Admission of Voting Member
All Board Members will have final approval authority of proposed members by way of 66.66% vote or greater. If an individual has been selected for voting membership that individual must first sign the Membership MOU before they are granted any rights as a Voting Member.
Voluntary Withdrawal from Membership
Members may withdraw from membership in the Corporation at any time upon notice delivered to an Officer of the Corporation.
Termination from Membership
Upon an affirmative vote of a two-thirds (66.67%) majority of the Board of Directors, the membership of a Member shall be terminated.
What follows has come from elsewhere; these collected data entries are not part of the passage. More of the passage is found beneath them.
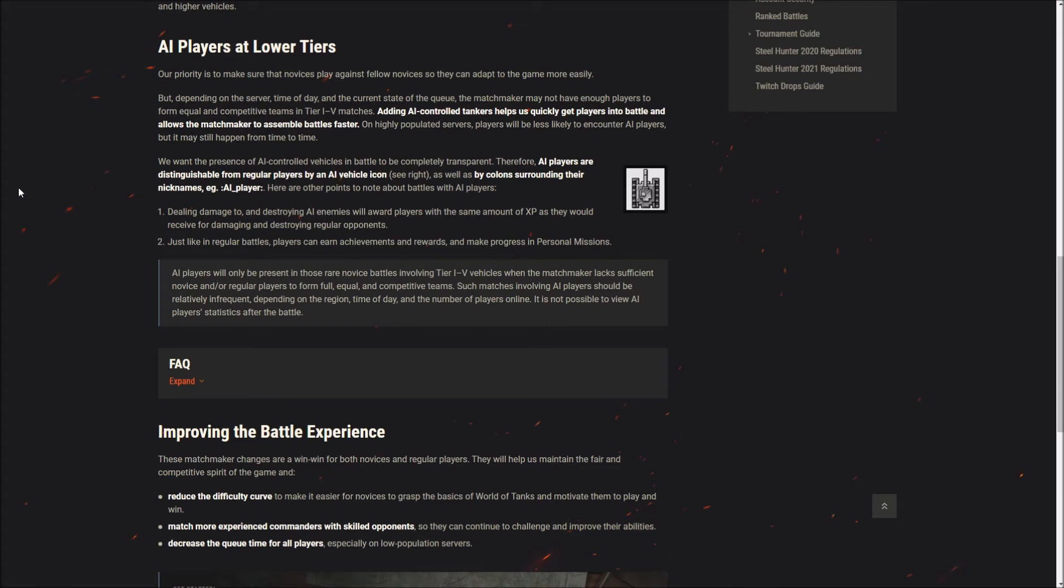Here are other notes about battles with AI players. Dealing damage to and destroying AI will reward players with the same amount of XP they would receive for damaging and destroying non-AI. AI players will only be present in those rare novice battles involving tier 1 to 5 vehicles when the matchmaker lacks sufficient players to form full, equal and competitive teams. It is not possible to view AI player statistics after the battle.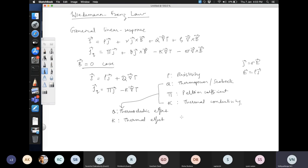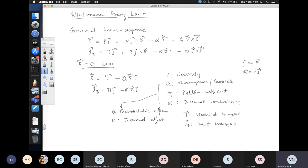There is a difference between Q and kappa: both are effects seen due to temperature gradients, but Q is a thermoelectric coefficient whereas kappa is a thermal conductivity. J is an electrical current related to charge transport, while jQ is heat transport — it is transport of energy, not of charge. If the Peltier coefficient is set to zero in the second relation, we recover Fourier's law: j equals minus kappa grad T.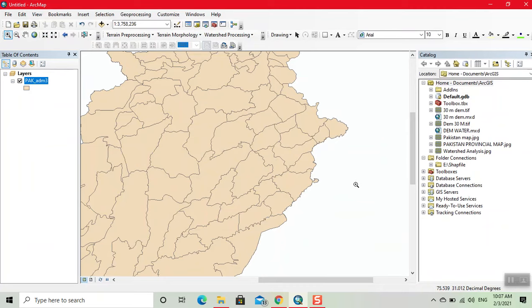Select a shapefile which you want to clip here. Click on this. For example, we want to clip this shapefile.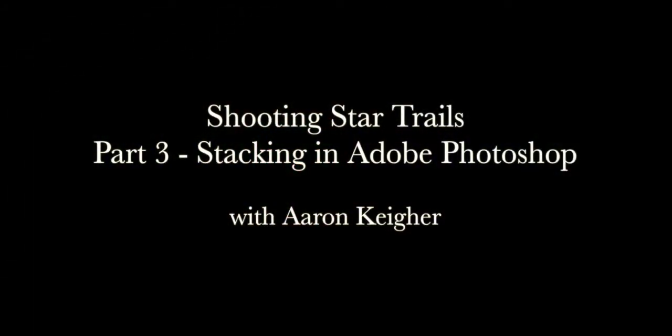Hello and welcome to part three of my Star Trails tutorial. I hope you enjoyed the first two parts. I've decided to add this additional section that will deal with how to stack images in Photoshop, and in a minute I'll explain why that is important.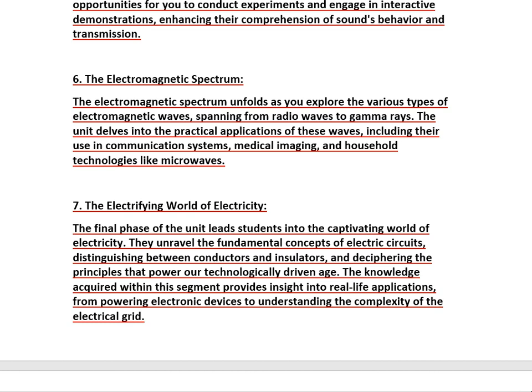The final phase of the unit leads you into the captivating world of electricity, where we will discuss the concept of electric circuits, conductors, and insulators.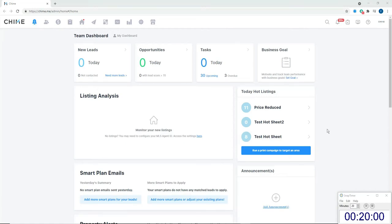Hi everybody, today I wanted to show you a quick video on how easy it's going to be to put together your brand new website using the CMS tool, and we're going to be able to do it in under 20 minutes. Some of the feedback we've gotten is that depending on your background it could feel a little daunting, but the good news is you don't need to know how to code — it's all drag and drop, very similar to something like Wix or Squarespace.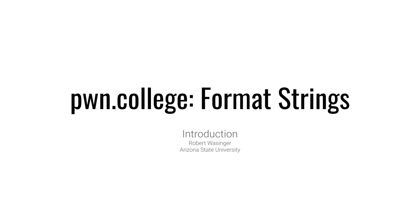Hello, hackers! Today we're going to be talking about format strings and format string vulnerabilities. Format string vulnerabilities exist in a number of functions, but the function we're going to look at today is printf, which is the common case used when discussing these types of vulnerabilities.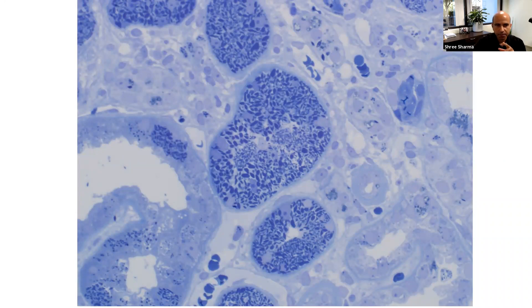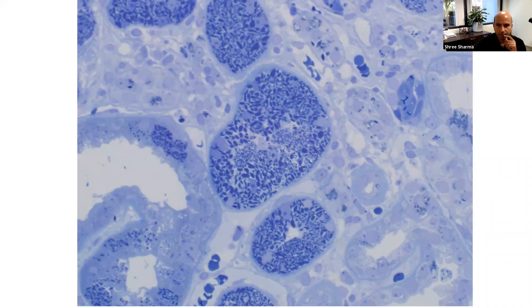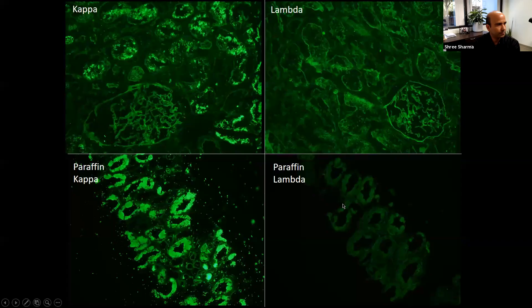The IgA image shows a classical mesangial location. Capillary wall deposits are seen in the periphery in membranous, while mesangial deposits define IgA nephropathy. These patterns are key differentiators on immunofluorescence.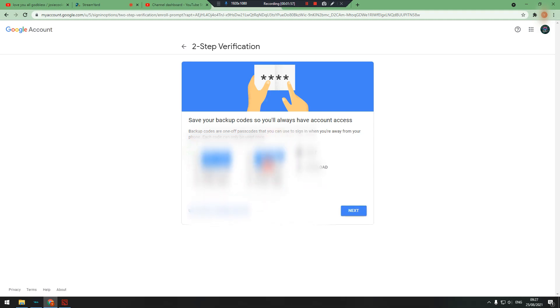You can use your mobile number as backup, or you can use backup codes. Save it in your computer or phone, then press next.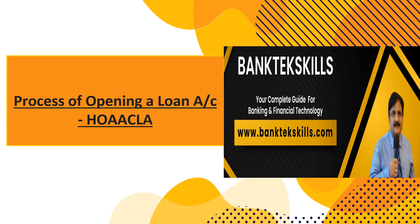Hello my friends from the banks, those who are going to join banking. This is another video on loans. I've already shared a lot of videos on how to open a term loan in Finacle system. The command for that is H O A A C L A. I'll tell you the steps.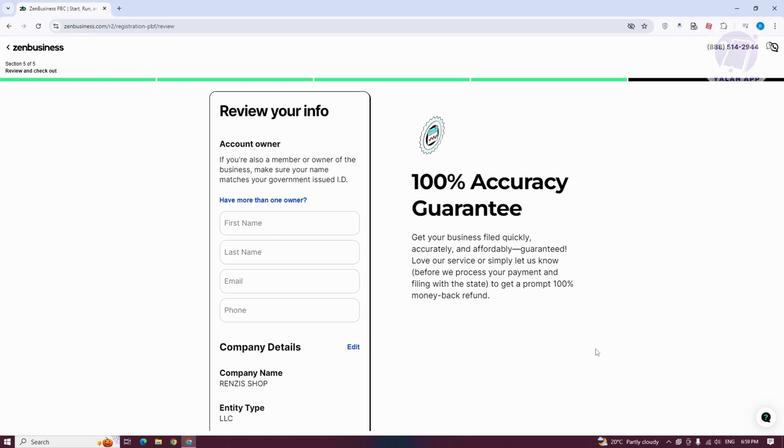From then on, you should be able to start using Zen Business here. And you will also have access to the Zen Business website builder.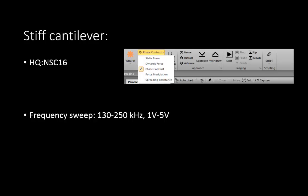Verify that the resonant frequency of the cantilever is between 130 and 250 kHz. Also, maintain the amplitude of the peak between 1 and 5 volts. You can do this by changing the excitation frequency.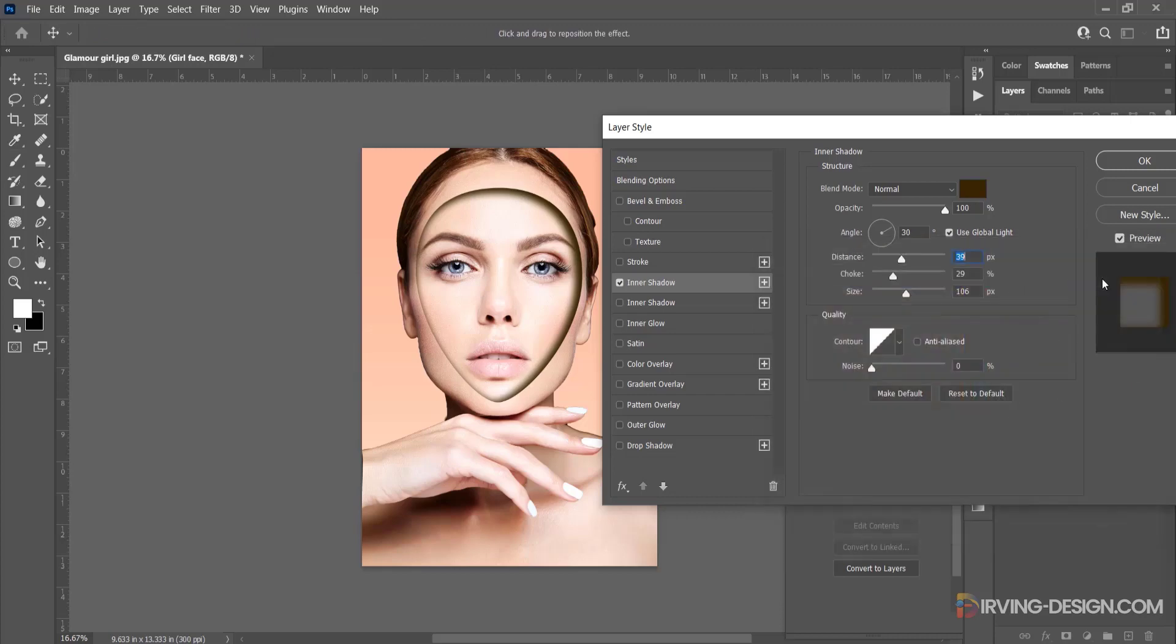If you think that the inner shadow is very strong, just double-click again on the layer and change the settings.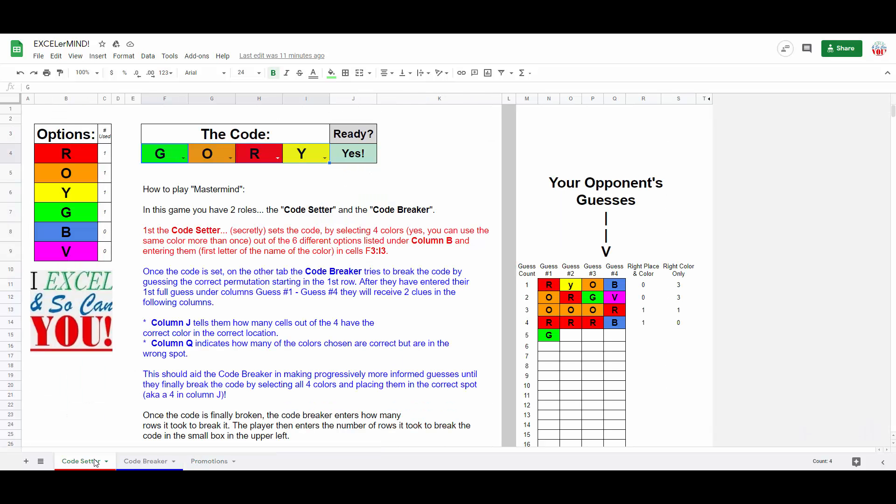So, for those of you who aren't familiar, Mastermind is a popular two-player board puzzle game, which you can pretty much buy anywhere. In this game, each player serves one of two roles, either acting as a code setter or a code breaker, each of whom have their own dedicated tabs at the bottom here of this workbook.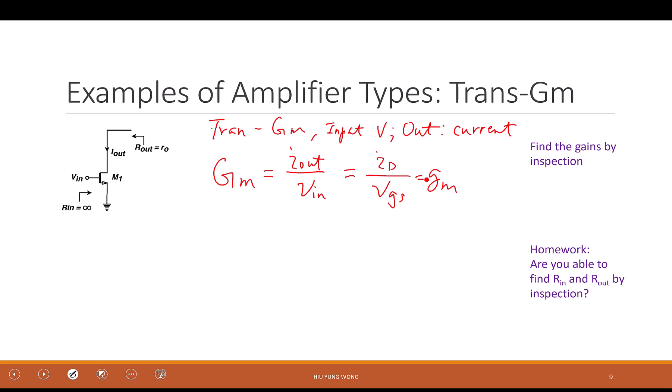A transistor — when I change the gate voltage, it changes the current. Because the drain is kind of grounded by definition when we find gm, it's just equal to the little gm. The transconductance of this circuit equals the small signal gm.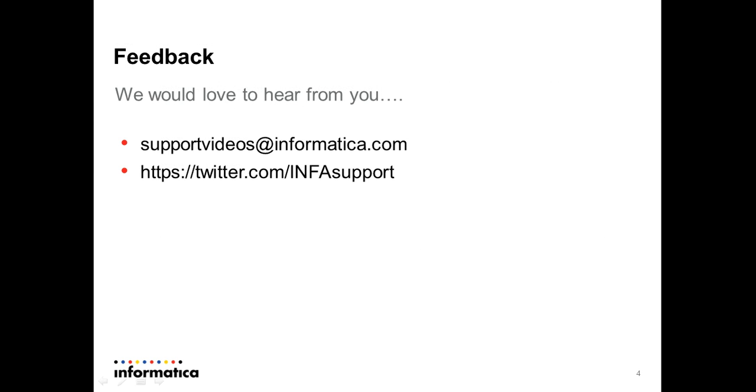We would love to hear from you at the addresses given here. Thank you.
Members shall have the right to vote in all elections of Directors and Office bearers as these are defined in the Bylaws, its future derivatives will evolve during the life of the Corporation. In all voting situations one-third (33.33%) will constitute a quorum.
Rules Members shall comply with all rules and procedures of the Corporation at website and will comply with the stipulations of the Corporation’s Bylaws and policies as they will evolve and adopted herein.
Conflict of Interest
Voting Members shall not hold membership in any organization that is antagonistic to New Jersey for Parental Equality.
All Voting Members are required to sign a Membership Memorandum of Understanding (MOU). This MOU is defined by the Board of Directors. At a minimum, this MOU will contain the following four points:
- An explanation of the purpose of the MOU and why all Voting Members are required to sign it.
- How the privacy of collected data will be protected. (This is the primary purpose of the MOU).
- What is expected of the member as defined in Section 6.1
- Critical issues protecting voting members.
- Critical issues protecting the Organization.
This article is reserved for future growth of the organization. At such time, the board of directors shall define the criteria necessary for proper management of sub-chapters of the organizations.
The New Jersey for Parental Equality and its Board of Directors have the right to pursue funding and use those funds as they see fir, within the limitations of 501( c )3 requirements. The Treasurer will be responsible for establishing and following controls for proper governance of all finances. Finances will be maintained in an open and transparent manner to the Board of Directors. At a minimum, the following controls will be followed.
The Treasurer and Board of Directors will maintain and publish a budget for each fiscal year. In addition, they will identify and publish long-term metrics to help standardize finances (such as admin costs, percentage to savings, etc). These metrics will help define the budget.
The Treasurer will publish monthly financial summary reports at a minimum to the Board.
The Treasurer can sign off on any amount up to a predetermined amount set and published by the Board of Directors. Anything over that amount requires Board of Director approval.
No loans shall be contracted on behalf of the Corporation and no evidence of indebtedness shall be issued in its name unless authorized by a resolution of the Board of Directors. Such authority may be general of confined to specific instances.
The Board of Directors may authorize any Officers, agent or agents, to enter into any contract or execute and deliver any instrument on behalf of the Corporation, and such authority may be general or confined to specific instances as defined by the board of directors.
LIABILITY AND INDEMNIFICATION
The board of directors may provide indemnification to any person who acts on behalf of the corporation in good faith.
New Jersey for Parental Equality will at a minimum publish once a year a status report to the public on the organization, activities, and findings of the organization.
Except as defined in ARTICLE 3, these Bylaws may be altered, amended, replaced or added to by an affirmative vote of not less than (66%) percent of the Board of Directors as defined in Section 4.1.
These Bylaws shall become effective immediately upon adoption and signature by the President.